Fraser Island was a place I really wanted to visit, but felt a bit overwhelmed by the whole process of getting there. First, I wasn’t sure if it was in my budget. Australia itself is expensive and the big tourist attractions are even more so… Second, how should I do it? There are so many options! Guided tours, drive along tours, self drive tours, staying at a resort, camping in tents… etc.
I’d read so many conflicting opinions about “the best” way to see Fraser Island that I was beginning to feel a bit paralyzed. In the end, Mike and I talked to the friendly guy at our hostel and basically just did what he recommended: Cool Dingo’s 2 Day – 1 Night Fraser Island tour. It was a bit pricey, but I just took a deep breath and handed over my debit card. Sometimes you just have to go for it!

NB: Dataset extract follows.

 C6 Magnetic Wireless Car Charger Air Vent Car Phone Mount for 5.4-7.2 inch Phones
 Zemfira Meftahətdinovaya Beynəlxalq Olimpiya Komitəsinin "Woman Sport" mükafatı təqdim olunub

As Mike and I waited in the grass to be picked up the next morning, I suddenly remembered one of the tour’s selling points. Apparently, young people prefer Cool Dingo tours because the nightlife is better planned and more action packed. I couldn’t help but wonder if we had just paid big money for a party tour + drinking games.
Thankfully, as we boarded the bus and took a look around, there were enough people from an older generation that my concerns dissipated.

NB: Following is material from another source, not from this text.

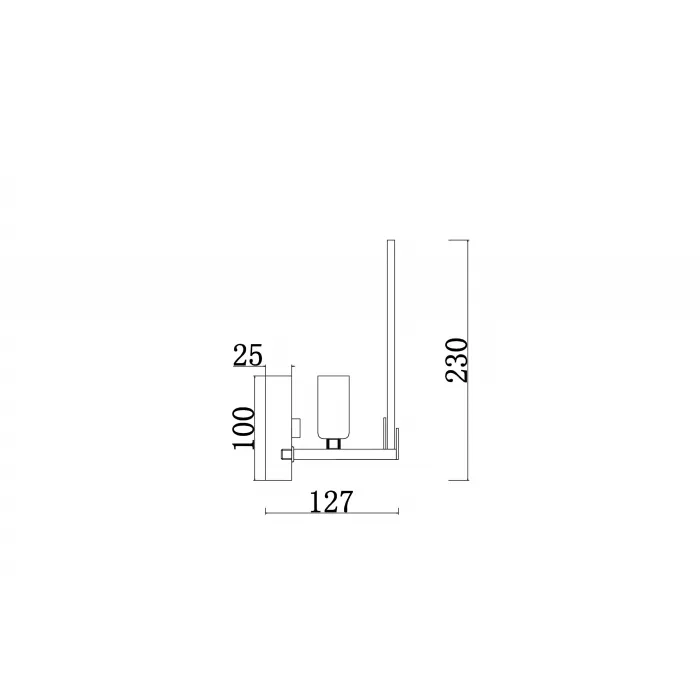 Настенный светильник (бра) Sophia FR5197WL-01CH от ImperiumLoft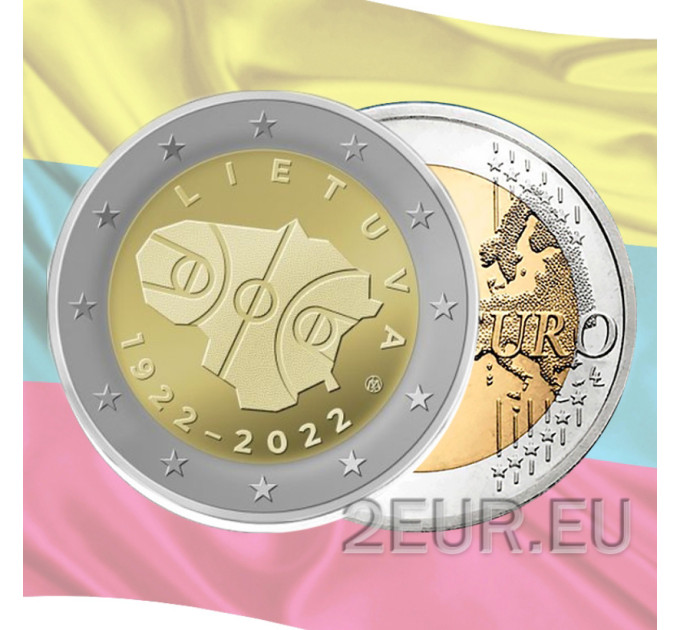 Litouwen 2 euro UNC 2022 - 100 jaar basketbal in Litouwen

The bus dropped us at the ferry terminal and we hopped aboard the 50 minute ferry. An educational recording was playing during the journey but I really couldn’t tell you what was said. I can tell you that there were massive amounts of jellyfish in the water!
When the ferry arrived we were separated into different groups. Turns out the “older crowd” wouldn’t be joining us… Uh oh. Then we saw our next mode of transport… a bright pink 4WD bus featuring a dingo with attitude. Oh dear. What did we get ourselves into?
We all hopped in the bus with our friendly guide and hit the… sand. Something you need to know about Fraser Island: It is entirely made up of sand. The paved roads stop after the resort. There is no soil. Just sand. Which makes for a fairly bumpy and very fun ride.
We bumped our way all the way to Lake McKenzie, one of the island’s highlights and biggest draws. The lake has crystal clear water and white silica sand. I spent a good amount of time giving my arms and legs a good sandy scrub down and emerged from the lake feeling quite soft and smooth.
After Lake McKenzie we made our way over to Basin Lake. Basin Lake is a window lake which means it is basically a hole in the sand over an aquifer. Visitors aren’t allowed to swim in it, but it was a pretty hike and a beautiful sight.
Next we had lunch and did a bit more traipsing about in the bush near Central Station and Wangoolba Creek. Our guide was so knowledgable and informative that there’s no way I could ever repeat what he taught us. I really should have been taking notes.
After all the exploration we were taken to our comfortable accommodation for the night. We paid for a quad share but I suspect that booking last minute was the reason we got the room to ourselves. We cleaned up for dinner and enjoyed a delicious vaguely Mexican buffet style meal. I kept one eye on the disco that would surely be the site of future activities and drinking games… But, not really. Despite the blasting music and flashing lights, most people opted to turn in fairly early. After all, we had to be up and ready for Day 2 of our Fraser Island adventure!
PS Let me just sneak in a few more facts about Fraser Island:
– It is the largest sand island in the world.
– 865 species thrive on the island.
– It is the only place on earth where tall rainforest grows in sand.